==== Excerpted data ====

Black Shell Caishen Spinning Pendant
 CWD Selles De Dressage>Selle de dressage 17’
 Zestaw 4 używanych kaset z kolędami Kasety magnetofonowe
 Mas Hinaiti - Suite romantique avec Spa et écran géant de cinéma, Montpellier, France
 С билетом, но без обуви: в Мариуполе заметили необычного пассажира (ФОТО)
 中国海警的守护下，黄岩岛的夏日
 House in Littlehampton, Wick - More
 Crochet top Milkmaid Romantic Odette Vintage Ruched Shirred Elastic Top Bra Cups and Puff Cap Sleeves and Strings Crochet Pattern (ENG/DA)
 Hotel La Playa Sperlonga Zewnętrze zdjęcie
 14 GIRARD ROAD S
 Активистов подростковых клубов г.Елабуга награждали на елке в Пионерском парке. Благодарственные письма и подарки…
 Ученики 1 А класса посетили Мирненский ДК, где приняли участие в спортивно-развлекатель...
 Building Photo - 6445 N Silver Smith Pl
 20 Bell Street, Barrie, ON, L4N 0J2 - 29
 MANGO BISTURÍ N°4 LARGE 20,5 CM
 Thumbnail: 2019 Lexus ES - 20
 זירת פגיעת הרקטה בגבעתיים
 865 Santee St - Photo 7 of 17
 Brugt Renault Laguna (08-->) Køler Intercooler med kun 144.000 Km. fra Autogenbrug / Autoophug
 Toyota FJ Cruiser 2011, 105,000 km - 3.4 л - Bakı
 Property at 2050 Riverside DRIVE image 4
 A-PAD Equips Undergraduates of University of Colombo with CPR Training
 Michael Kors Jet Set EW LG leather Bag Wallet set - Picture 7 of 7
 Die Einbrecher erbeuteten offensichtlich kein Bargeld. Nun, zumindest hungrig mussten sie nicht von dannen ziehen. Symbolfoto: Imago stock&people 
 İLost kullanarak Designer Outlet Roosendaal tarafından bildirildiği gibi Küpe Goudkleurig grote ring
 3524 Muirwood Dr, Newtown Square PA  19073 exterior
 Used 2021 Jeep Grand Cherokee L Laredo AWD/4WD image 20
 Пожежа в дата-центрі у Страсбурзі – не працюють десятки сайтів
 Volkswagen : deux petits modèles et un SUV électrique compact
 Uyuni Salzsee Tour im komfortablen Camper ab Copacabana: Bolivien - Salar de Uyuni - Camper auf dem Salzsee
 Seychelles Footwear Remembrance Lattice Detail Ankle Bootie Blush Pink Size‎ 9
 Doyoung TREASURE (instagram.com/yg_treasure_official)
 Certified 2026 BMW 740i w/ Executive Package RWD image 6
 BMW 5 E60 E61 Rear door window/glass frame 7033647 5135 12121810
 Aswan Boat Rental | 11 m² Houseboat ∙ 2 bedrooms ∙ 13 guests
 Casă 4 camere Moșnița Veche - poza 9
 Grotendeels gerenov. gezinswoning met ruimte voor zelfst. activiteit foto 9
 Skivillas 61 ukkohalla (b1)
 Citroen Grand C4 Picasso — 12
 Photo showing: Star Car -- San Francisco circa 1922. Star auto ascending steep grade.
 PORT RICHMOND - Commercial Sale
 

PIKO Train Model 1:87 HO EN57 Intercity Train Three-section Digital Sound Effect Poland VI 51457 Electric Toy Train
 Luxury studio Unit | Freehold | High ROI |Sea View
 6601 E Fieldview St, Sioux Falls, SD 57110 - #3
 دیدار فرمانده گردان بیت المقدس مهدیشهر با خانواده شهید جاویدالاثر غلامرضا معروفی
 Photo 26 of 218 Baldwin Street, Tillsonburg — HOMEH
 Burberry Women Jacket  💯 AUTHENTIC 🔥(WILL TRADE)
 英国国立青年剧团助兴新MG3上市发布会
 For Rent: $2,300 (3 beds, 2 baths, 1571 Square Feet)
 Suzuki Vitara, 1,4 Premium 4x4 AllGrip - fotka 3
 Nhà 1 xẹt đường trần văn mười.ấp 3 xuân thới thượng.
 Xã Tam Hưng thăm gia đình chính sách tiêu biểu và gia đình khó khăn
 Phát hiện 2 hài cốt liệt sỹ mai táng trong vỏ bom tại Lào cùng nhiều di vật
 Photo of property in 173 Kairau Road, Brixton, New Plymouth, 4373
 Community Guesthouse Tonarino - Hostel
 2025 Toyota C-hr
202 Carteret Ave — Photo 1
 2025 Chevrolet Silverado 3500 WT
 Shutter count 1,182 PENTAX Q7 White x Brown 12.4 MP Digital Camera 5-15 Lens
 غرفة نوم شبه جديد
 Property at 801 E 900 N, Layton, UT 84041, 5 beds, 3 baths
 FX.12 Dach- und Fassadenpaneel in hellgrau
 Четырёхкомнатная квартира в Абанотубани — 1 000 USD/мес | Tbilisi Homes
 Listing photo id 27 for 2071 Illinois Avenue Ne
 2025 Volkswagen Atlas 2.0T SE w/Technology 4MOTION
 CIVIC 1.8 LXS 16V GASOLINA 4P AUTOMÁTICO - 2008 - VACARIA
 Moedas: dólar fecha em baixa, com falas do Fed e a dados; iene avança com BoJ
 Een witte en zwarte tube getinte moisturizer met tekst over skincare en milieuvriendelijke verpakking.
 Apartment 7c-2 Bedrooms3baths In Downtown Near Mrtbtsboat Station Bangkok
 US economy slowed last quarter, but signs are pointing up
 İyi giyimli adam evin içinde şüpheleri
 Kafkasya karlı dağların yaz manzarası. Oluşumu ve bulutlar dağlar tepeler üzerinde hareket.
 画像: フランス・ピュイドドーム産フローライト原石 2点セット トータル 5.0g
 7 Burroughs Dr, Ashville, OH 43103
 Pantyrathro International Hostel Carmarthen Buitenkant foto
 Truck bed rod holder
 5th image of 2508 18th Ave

====

Task details: Take the lines above from the one containing "BMW 5 E60 E61" to the one containing "Photo of property" and retype them exactly, both ends included, with nothing added.

Finished exercise:
 BMW 5 E60 E61 Rear door window/glass frame 7033647 5135 12121810
 Aswan Boat Rental | 11 m² Houseboat ∙ 2 bedrooms ∙ 13 guests
 Casă 4 camere Moșnița Veche - poza 9
 Grotendeels gerenov. gezinswoning met ruimte voor zelfst. activiteit foto 9
 Skivillas 61 ukkohalla (b1)
 Citroen Grand C4 Picasso — 12
 Photo showing: Star Car -- San Francisco circa 1922. Star auto ascending steep grade.
 PORT RICHMOND - Commercial Sale
 

PIKO Train Model 1:87 HO EN57 Intercity Train Three-section Digital Sound Effect Poland VI 51457 Electric Toy Train
 Luxury studio Unit | Freehold | High ROI |Sea View
 6601 E Fieldview St, Sioux Falls, SD 57110 - #3
 دیدار فرمانده گردان بیت المقدس مهدیشهر با خانواده شهید جاویدالاثر غلامرضا معروفی
 Photo 26 of 218 Baldwin Street, Tillsonburg — HOMEH
 Burberry Women Jacket  💯 AUTHENTIC 🔥(WILL TRADE)
 英国国立青年剧团助兴新MG3上市发布会
 For Rent: $2,300 (3 beds, 2 baths, 1571 Square Feet)
 Suzuki Vitara, 1,4 Premium 4x4 AllGrip - fotka 3
 Nhà 1 xẹt đường trần văn mười.ấp 3 xuân thới thượng.
 Xã Tam Hưng thăm gia đình chính sách tiêu biểu và gia đình khó khăn
 Phát hiện 2 hài cốt liệt sỹ mai táng trong vỏ bom tại Lào cùng nhiều di vật
 Photo of property in 173 Kairau Road, Brixton, New Plymouth, 4373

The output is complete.